Restaurant space is another area where supply is struggling to keep up with demand, said Jeremy Rushing, partner at Restaurant Realty Group, a commercial broker specializing in restaurant real estate in the San Antonio and San Antonio areas. ‘Austin.
“There’s hardly any availability right now. If you want to completely build a space, there are a few options, but a lot of people are looking for what’s called second-gen,” Rushing said.
For would-be restaurateurs willing to spend the money to build a kitchen, it will be an investment, he said, ranging from $100,000 to $1 million, making second-generation spaces a hot commodity, a Rushing said.
“Those [second generation] Spaces are much harder to find these days. Especially the smaller ones with a patio or drive-thru, these are picked up almost instantly.
Rising interest rates create uncertainty
Findings from the CoStar Group predict that office and retail vacancy rates will remain below 4% for the next few years, even as new construction comes online. They also don’t predict that multifamily construction will increase vacancies until at least 2025, when a significant amount of new construction is expected to hit the market.
Still, some issues for the foreseeable future could dampen growth on the business front, said William Chittenden, associate dean and professor of finance at Texas State University.
“I wonder though, given the recent acceleration in interest rates, if this will impact any of these things that have been proposed but have not yet been launched – if they are going to be postponed “, did he declare. “In the three reports [from CoStar]they have big spikes in 2023 in terms of what’s supposed to go live.

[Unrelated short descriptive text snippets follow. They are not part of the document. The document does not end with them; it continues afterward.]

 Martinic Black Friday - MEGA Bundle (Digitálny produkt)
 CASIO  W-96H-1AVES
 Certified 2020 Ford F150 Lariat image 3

Chittenden said recent interest rate hikes by the Federal Reserve will have an immediate effect on the purchasing power of homebuyers, which could also affect the projected growth in commercial real estate.
The tension between rapid population growth and increases in interest rates could increase some of the business project projections, though the outlook is uncertain, Chittenden said.

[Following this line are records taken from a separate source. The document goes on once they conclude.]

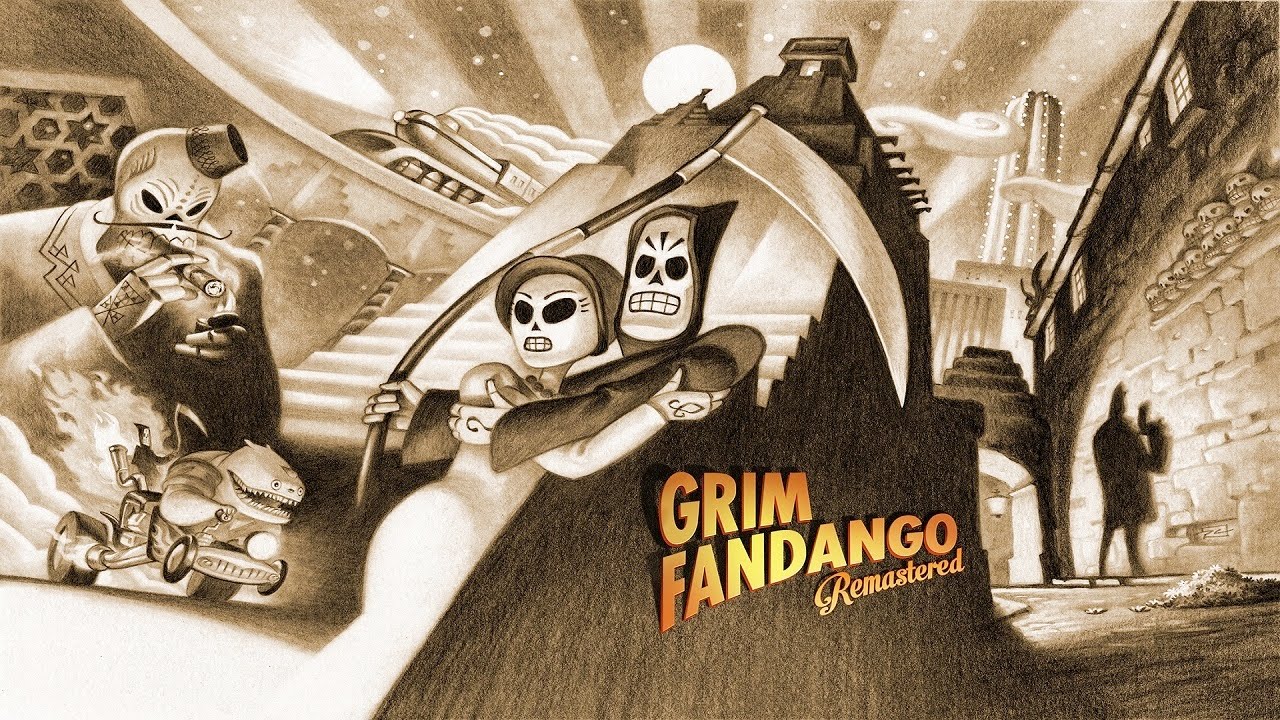 Dlaczego warto czekać na remake Grim Fandango?
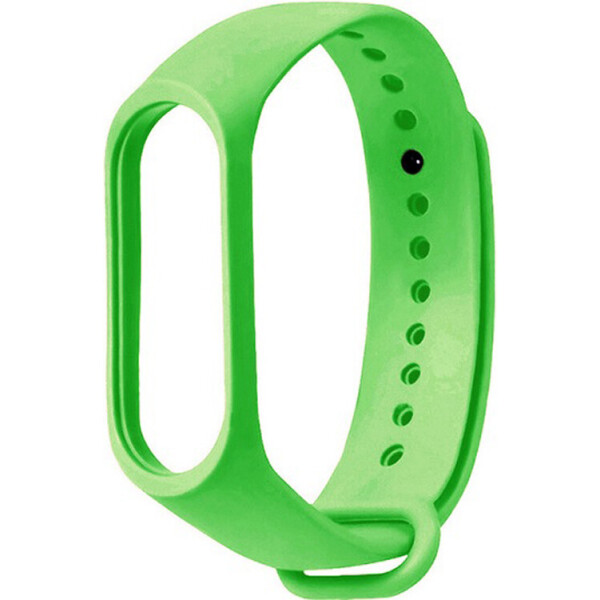 

Ремешок Gasta for Xiaomi Mi Band 5 color Green Tea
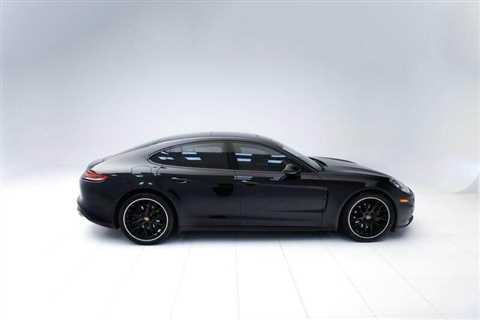 Porsche Panamera 2020 For Sale Near Me - Porsche in Florida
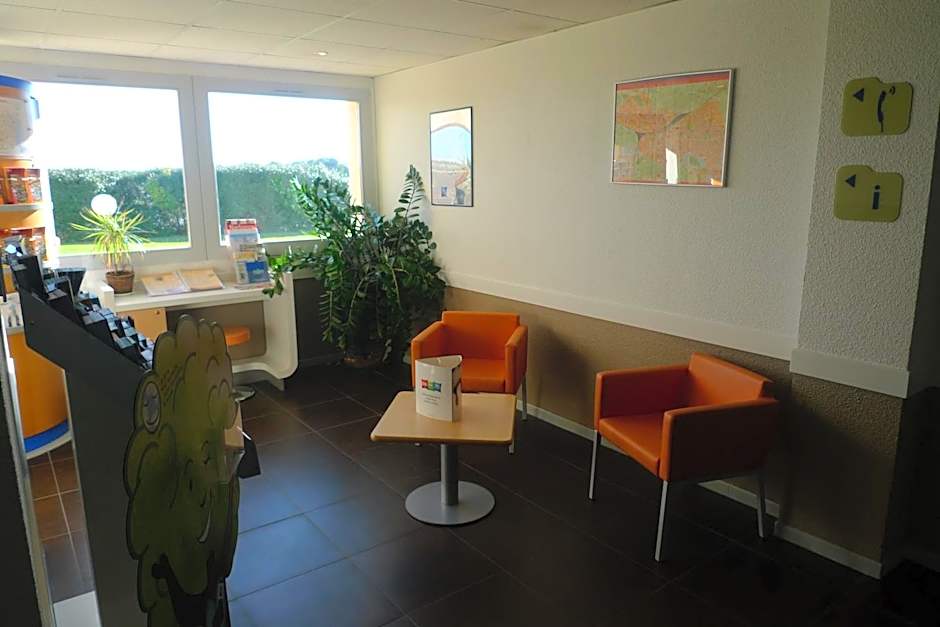 ibis budget Narbonne Sud A9/A61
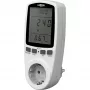 Energiekostenmessgerät ANSMANN APM2 120-0007 mit LCD-Anzeige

Khalil said the change in interest rates is too recent for a quantifiable forecast, and any construction currently underway would not be affected. “If anything, it would reduce vacancy rates even more because, you know, there would be less new online offerings for a growing submarket,” Khalil said.
For his part, Ybarra said he saw no signs of the market slowing down.
“The level of activity has been extraordinary. We have many, many newcomers to this field. Moving here and wanting to work in various positions. What we have also seen in the market is that most of the deals that close are cash deals with a very reasonable closing time,” Ybarra said.
Recently, his company has received consistent inquiries about commercial properties from area codes all over the United States, whereas two years ago, he said, most inquiries were more regional.
Ybarra said he believes if a slowdown occurs, it won’t be noticeable in the area at first.
“Parts of the country are going to be much more affected than what we see happening here in this corridor of Texas. Part of the driving force behind that is you have San Antonio and Austin and Houston and Dallas, which are huge job creators today,” Ybarra said. “So as long as those jobs are available, you’ll see migration ports filling those positions.”